### [Assignment]
Pictures stay out of the output. Return exactly the lines below from the one with "A topic like" down to the one with "Sweet! There's another", both included, and nothing more.

### [Record excerpts]
—————

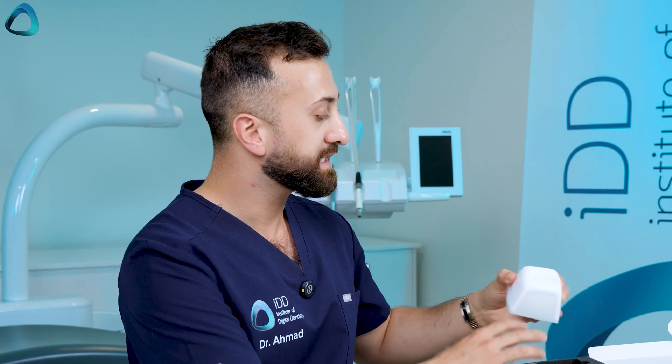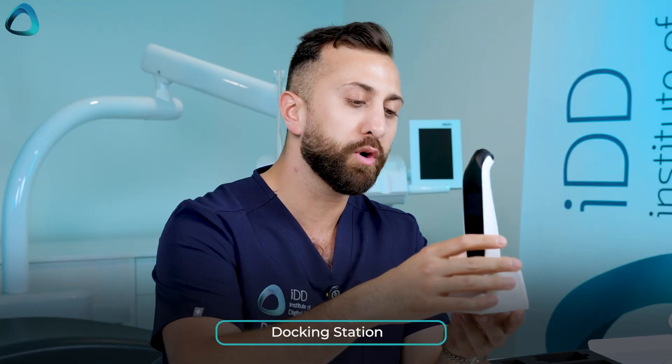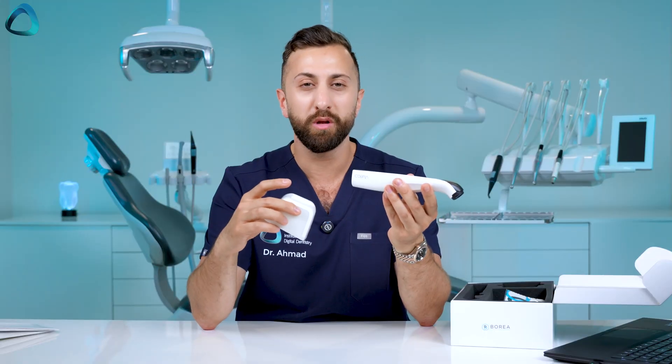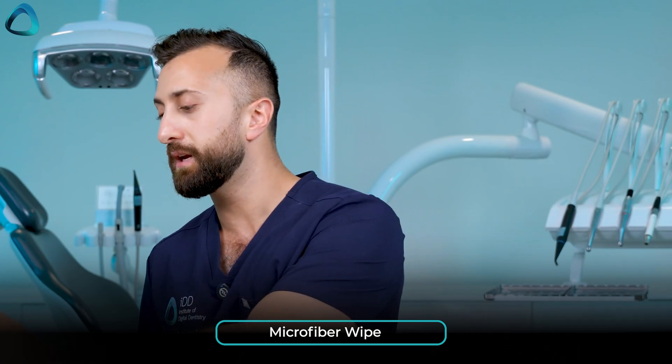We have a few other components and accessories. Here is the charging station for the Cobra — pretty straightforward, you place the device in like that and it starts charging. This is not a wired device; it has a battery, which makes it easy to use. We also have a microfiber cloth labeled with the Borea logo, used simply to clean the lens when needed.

—————

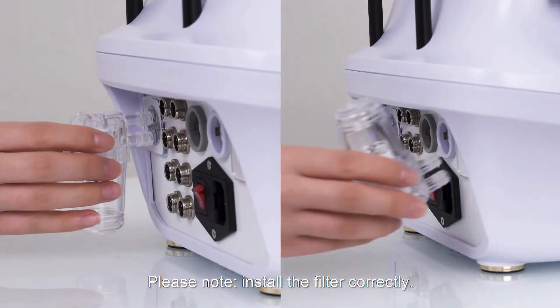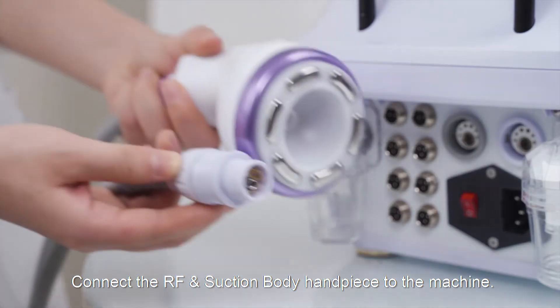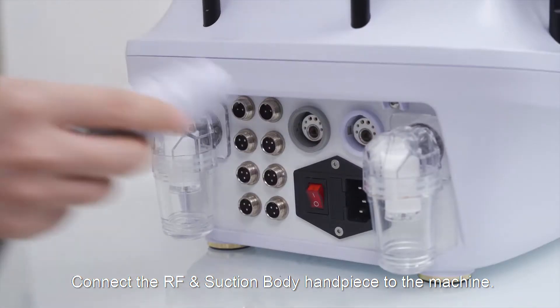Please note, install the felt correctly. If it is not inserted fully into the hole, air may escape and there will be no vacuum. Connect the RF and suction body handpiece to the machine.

—————

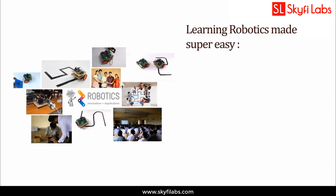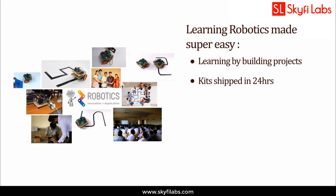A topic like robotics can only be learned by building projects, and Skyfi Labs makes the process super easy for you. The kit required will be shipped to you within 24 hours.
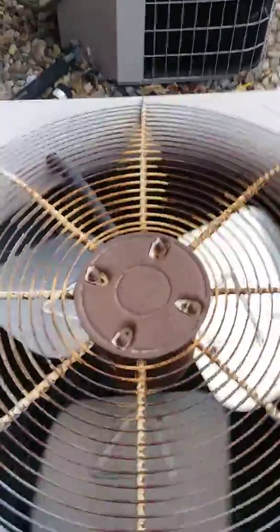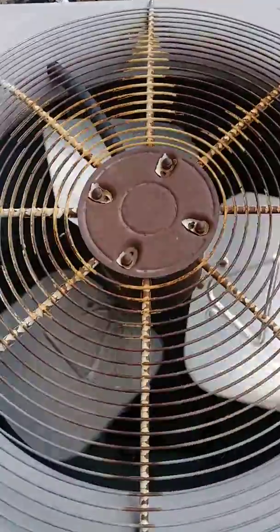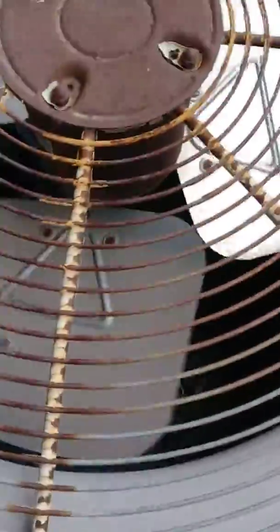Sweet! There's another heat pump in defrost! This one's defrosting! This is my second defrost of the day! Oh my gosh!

—————

### [Answer box]
A topic like robotics can only be learned by building projects, and Skyfi Labs makes the process super easy for you. The kit required will be shipped to you within 24 hours.
Sweet! There's another heat pump in defrost! This one's defrosting! This is my second defrost of the day! Oh my gosh!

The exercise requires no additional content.